Flying tips for parents: How to survive the Thanksgiving rush when children are along for a long, long ride.
It’s almost Thanksgiving. There’s a feast ahead, but first, you may need to travel for hours with one or more young kids by plane — and that’s only after you pack, get through security lines, walk past multiple airport Starbucks (“Can I have a cookie? Can I have a cookie?”) and make sure everyone gets onto that plane on time.
But what will you do when you’re finally sitting on a plane with an agitated child, wedged between rows with a boring seat back in front of you?
Here are five ideas from local kid experts on things families can do to keep a child calm and content in the air.
1. Try some good old-fashioned play: For kids who haven’t hit school age yet, board sets with play figures are a big hit, and markers, activity books, crayons, papers and coloring books are a good diversion, too, says Susanne Donaldson, a preschool teacher at Nurturing Knowledge in Phinney Ridge. “It might be best to bring a lot of those along, too, since attention spans can be pretty short.”
Other favorites include Magna Doodle, bracelet-making kits, and Wiki Stix — small waxy sticks for building tiny creations.
2. Take a good long nap. OK, so this mainly works for babies. But if you time the flight right and bring a cozy blanket along, you and your child might have a blissfully quiet, peaceful experience.But don’t force it, says Dr. Wendy Sue Swanson, a Seattle Children’s Hospital pediatrician who blogs as Seattle Mama Doc.
If you do use Benadryl in the hopes that your child will drift off on a flight, “you’re medicating your kid for your convenience,” said Swanson. “You’re not medicating your child because they need it.”

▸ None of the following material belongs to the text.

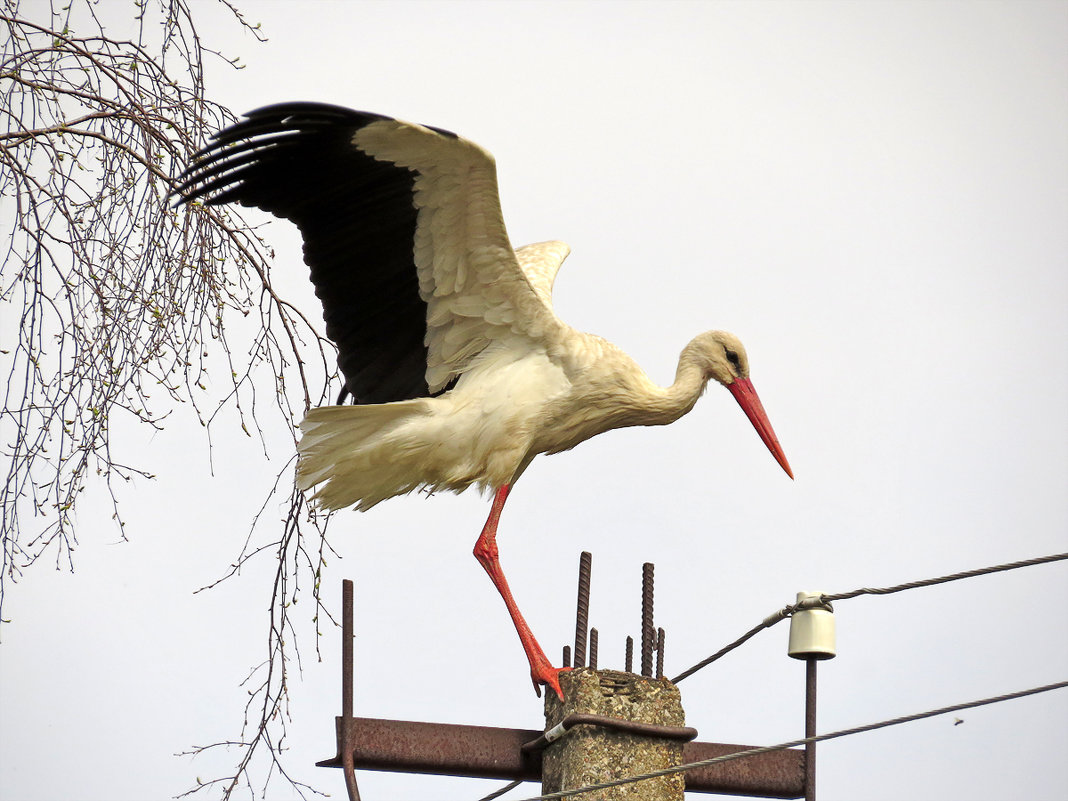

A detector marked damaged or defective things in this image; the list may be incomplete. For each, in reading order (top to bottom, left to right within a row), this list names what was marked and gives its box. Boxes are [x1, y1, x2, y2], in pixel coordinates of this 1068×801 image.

rusty metal beam [318, 720, 804, 792]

3. Eat a snack. (Or even play with a snack.) Don’t forget that this could also be a great time to let children play with their treats. “Novel food can keep kids occupied for a long time, like Froot Loops — food that they can play with and eat. With Froot Loops, they can sort them into different colors,” says Donaldson. (Or make cereal necklaces with string.)Don’t forget that if a baby or child’s ears hurt as the plane descends, the pain can make them truly miserable — but snacks can help.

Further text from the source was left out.